┏━━

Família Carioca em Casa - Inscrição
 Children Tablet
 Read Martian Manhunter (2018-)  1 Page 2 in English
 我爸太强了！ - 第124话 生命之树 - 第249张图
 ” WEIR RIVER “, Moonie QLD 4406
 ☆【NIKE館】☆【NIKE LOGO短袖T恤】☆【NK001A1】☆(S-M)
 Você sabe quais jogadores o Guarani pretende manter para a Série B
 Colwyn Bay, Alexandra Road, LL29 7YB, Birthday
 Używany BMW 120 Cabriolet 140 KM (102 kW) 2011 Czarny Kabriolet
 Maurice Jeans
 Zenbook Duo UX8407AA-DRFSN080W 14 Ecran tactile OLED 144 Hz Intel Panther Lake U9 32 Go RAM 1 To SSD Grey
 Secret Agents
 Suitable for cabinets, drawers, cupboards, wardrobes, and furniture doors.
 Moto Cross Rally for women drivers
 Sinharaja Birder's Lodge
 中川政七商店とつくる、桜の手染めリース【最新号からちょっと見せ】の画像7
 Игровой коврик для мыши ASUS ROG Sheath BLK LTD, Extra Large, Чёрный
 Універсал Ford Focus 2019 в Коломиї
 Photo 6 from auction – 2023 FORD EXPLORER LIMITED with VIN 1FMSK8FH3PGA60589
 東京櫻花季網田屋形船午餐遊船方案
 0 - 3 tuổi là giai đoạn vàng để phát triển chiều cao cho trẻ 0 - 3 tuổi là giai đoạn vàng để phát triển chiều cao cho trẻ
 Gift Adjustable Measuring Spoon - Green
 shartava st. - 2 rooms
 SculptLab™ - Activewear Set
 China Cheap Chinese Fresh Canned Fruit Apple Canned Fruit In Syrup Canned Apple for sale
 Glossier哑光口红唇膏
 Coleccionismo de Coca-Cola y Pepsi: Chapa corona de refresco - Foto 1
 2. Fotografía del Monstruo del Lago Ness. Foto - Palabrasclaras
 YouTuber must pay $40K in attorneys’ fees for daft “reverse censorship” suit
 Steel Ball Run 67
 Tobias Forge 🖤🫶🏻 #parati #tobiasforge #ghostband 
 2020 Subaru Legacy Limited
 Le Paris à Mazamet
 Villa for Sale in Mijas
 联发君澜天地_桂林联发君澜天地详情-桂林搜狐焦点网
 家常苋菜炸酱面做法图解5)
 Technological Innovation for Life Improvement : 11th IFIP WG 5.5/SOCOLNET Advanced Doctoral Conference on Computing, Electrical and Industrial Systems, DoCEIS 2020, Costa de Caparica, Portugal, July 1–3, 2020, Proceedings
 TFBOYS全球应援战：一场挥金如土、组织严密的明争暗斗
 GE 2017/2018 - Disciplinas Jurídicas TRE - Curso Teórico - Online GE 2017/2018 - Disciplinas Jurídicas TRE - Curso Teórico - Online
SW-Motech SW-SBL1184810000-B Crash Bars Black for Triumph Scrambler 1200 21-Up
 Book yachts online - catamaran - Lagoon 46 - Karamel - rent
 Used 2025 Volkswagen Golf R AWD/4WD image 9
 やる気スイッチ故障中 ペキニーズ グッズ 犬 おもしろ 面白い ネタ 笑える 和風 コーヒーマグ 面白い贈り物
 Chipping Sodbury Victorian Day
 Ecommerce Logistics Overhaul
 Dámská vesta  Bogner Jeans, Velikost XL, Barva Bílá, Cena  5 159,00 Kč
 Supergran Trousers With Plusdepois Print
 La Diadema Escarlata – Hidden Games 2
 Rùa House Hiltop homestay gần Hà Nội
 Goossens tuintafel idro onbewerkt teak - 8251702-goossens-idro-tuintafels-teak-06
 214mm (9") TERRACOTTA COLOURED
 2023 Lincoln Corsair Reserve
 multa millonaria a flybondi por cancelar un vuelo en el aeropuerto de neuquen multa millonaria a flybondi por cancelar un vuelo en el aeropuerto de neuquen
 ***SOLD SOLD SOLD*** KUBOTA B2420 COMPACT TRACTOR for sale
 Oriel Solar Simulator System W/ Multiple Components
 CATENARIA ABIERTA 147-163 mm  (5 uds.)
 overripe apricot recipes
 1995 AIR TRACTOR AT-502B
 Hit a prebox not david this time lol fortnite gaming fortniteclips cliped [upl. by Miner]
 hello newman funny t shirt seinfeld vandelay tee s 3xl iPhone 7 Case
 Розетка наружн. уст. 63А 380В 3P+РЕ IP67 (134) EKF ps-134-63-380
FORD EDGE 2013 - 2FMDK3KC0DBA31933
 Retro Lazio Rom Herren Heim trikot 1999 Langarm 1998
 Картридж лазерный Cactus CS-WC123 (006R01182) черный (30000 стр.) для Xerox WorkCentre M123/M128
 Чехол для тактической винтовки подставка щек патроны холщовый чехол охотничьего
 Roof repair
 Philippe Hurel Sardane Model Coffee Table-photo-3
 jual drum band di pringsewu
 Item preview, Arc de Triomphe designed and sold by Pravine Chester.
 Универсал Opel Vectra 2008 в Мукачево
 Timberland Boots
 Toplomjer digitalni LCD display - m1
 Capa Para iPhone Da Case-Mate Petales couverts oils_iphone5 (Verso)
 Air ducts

┗━━

> [Problem requirements]: The answer is a portion of the data. Write out exactly the line with "CATENARIA ABIERTA 147-163" and all lines after it.

> [Written solution]:
 CATENARIA ABIERTA 147-163 mm  (5 uds.)
 overripe apricot recipes
 1995 AIR TRACTOR AT-502B
 Hit a prebox not david this time lol fortnite gaming fortniteclips cliped [upl. by Miner]
 hello newman funny t shirt seinfeld vandelay tee s 3xl iPhone 7 Case
 Розетка наружн. уст. 63А 380В 3P+РЕ IP67 (134) EKF ps-134-63-380
FORD EDGE 2013 - 2FMDK3KC0DBA31933
 Retro Lazio Rom Herren Heim trikot 1999 Langarm 1998
 Картридж лазерный Cactus CS-WC123 (006R01182) черный (30000 стр.) для Xerox WorkCentre M123/M128
 Чехол для тактической винтовки подставка щек патроны холщовый чехол охотничьего
 Roof repair
 Philippe Hurel Sardane Model Coffee Table-photo-3
 jual drum band di pringsewu
 Item preview, Arc de Triomphe designed and sold by Pravine Chester.
 Универсал Opel Vectra 2008 в Мукачево
 Timberland Boots
 Toplomjer digitalni LCD display - m1
 Capa Para iPhone Da Case-Mate Petales couverts oils_iphone5 (Verso)
 Air ducts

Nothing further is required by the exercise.